YOLOv4 is an improved version of YOLOv3, both in detection accuracy and speed. YOLOv4 network uses CSPDarknet53 as a backbone, spatial pyramid pooling additional module, PANet path-aggregation neck, and YOLOv3 head. CSPDarknet53 is a novel backbone that can enhance the learning capability of CNN. The spatial pyramid pooling block is added over CSPDarknet53 to increase the receptive field and separate out the most significant context features. Instead of Feature pyramid networks (FPN) for object detection used in YOLOv3, the PANet is used as the method for parameter aggregation for different detector levels.

YOLOv5

YOLOv5 keeps the same architecture as YOLOv4, but is implemented using PyTorch rather than C++. In terms of accuracy, YOLOv5 performs on par with YOLOv4. However, the PyTorch framework allows the ability to half the floating point precision in training and inference from 32 bit to 16 bit precision. This significantly speeds up the inference time of the YOLOv5 models. YOLOv5 formulates model configuration in .yaml, as opposed to .cfg files in Darknet. The main difference between these two formats is that the .yaml file is condensed to just specify the different layers in the network and then multiplies those by the number of layers in the block.

Detection Algorithm

YOLO divides the input image into an S by S grid. If the center of an object falls into a grid cell, that grid cell is responsible for detecting that object. Each grid cell predicts B bounding boxes and confidence scores for those boxes. These confidence scores reflect the confidence of box containing an object and accuracy of the box it predicts. The confidence score is defined as P(Object) x IOU. If no object exists in that cell, the confidence scores should be zero. Otherwise the confidence score is equal the IOU between the predicted box and the ground truth. Therefore, the confidence prediction represents the IOU between the predicted box and any ground truth box.

Each grid cell also predicts C conditional class probabilities, P(Ci|Object). These probabilities are conditioned on the grid cell containing an object. Only one set of class probabilities per grid cell is predicted, regardless of the number of boxes B. The class-specific confidence scores for each box is the product P( Ci|Object) x P(Object) x IOU = P(Ci) x IOU. These confidence scores encode both the probability of that class appearing in the box and how well the predicted box fits the object.

Loss Function

YOLOv3 uses sum-squared error between the predictions and the ground truth to calculate the loss. The total loss value from the network is the sum of the classification loss, localization loss, and confidence loss.

The loss function is a combination of the classification loss, localization loss between the predicted bounding box and ground truth box, and the confidence loss. The classification loss is the squared error of conditional class probabilities for each class.

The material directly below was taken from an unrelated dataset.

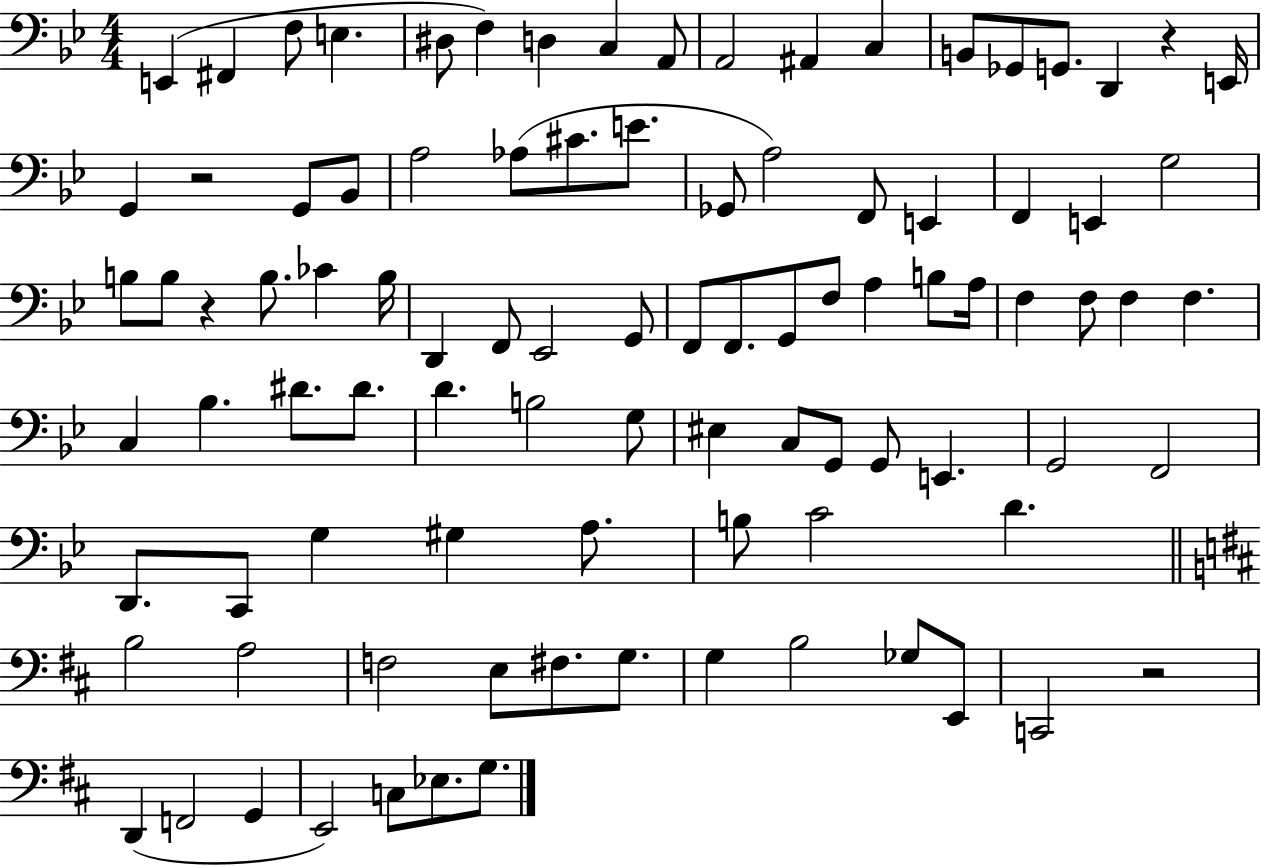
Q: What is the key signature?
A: BES major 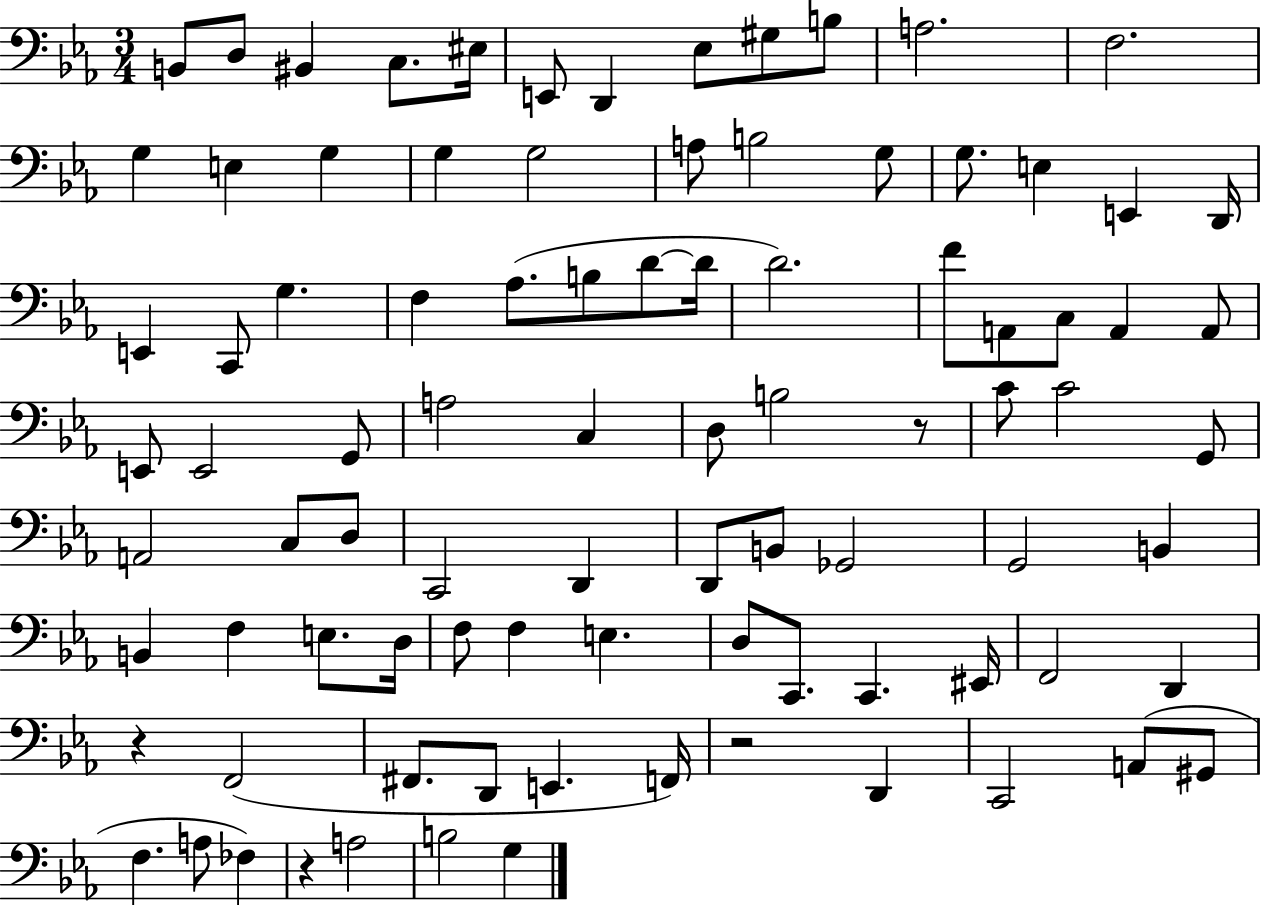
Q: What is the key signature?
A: EES major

Localization loss is calculated between the errors in bounding box centroids and its width and height where smaller bounding boxes are penalized greater than larger bounding boxes for the added precision. The confidence loss is the presence or absence of the object within the bounding box. The loss is calculated for both presence and absence to decrease the confidence when no object is detected and increase confidence when an object is detected.